_DATA TO USE:_

· · · · · · ·

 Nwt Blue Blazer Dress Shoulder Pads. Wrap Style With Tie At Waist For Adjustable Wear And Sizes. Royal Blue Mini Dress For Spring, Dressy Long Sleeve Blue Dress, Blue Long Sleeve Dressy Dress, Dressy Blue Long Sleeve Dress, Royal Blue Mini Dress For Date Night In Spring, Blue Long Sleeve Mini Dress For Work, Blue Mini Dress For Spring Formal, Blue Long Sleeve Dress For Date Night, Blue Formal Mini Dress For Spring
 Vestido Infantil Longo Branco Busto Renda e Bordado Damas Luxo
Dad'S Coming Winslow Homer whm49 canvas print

· · · · · · ·

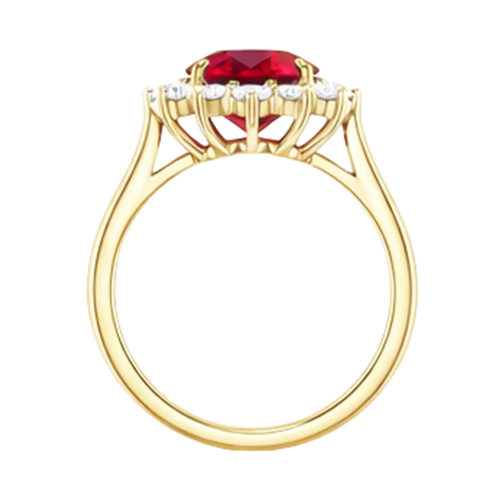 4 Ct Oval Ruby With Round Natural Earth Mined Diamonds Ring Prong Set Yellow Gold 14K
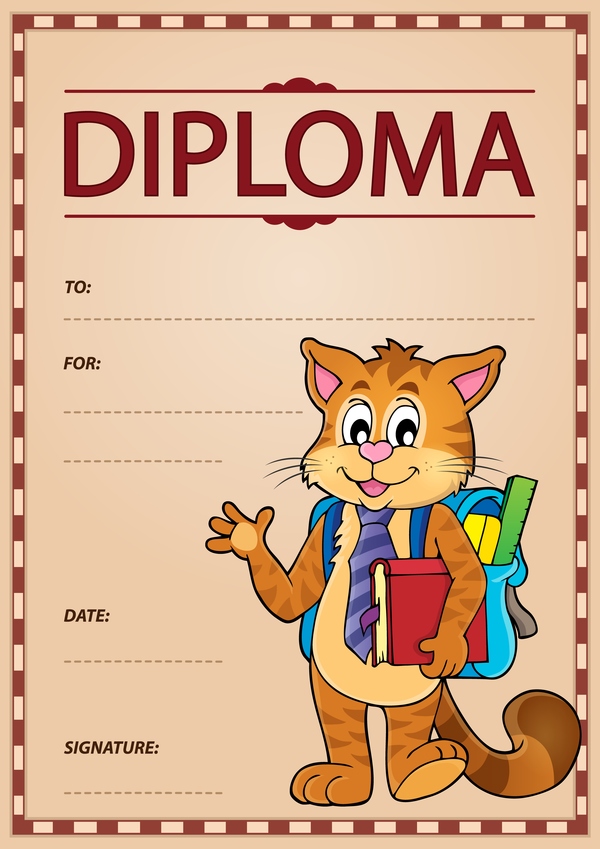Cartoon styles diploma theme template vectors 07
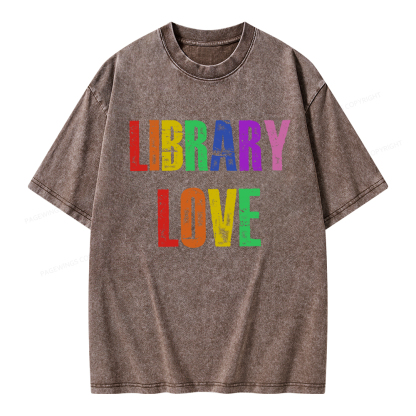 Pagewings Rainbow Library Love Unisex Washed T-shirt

· · · · · · ·

_YOUR TASK:_
After locating the line with "Nwt Blue Blazer" in the material above, return it and each line after it exactly, ending at the line with "Dad'S Coming Winslow Homer whm49 canvas print".

_FINISHED TASK:_
 Nwt Blue Blazer Dress Shoulder Pads. Wrap Style With Tie At Waist For Adjustable Wear And Sizes. Royal Blue Mini Dress For Spring, Dressy Long Sleeve Blue Dress, Blue Long Sleeve Dressy Dress, Dressy Blue Long Sleeve Dress, Royal Blue Mini Dress For Date Night In Spring, Blue Long Sleeve Mini Dress For Work, Blue Mini Dress For Spring Formal, Blue Long Sleeve Dress For Date Night, Blue Formal Mini Dress For Spring
 Vestido Infantil Longo Branco Busto Renda e Bordado Damas Luxo
Dad'S Coming Winslow Homer whm49 canvas print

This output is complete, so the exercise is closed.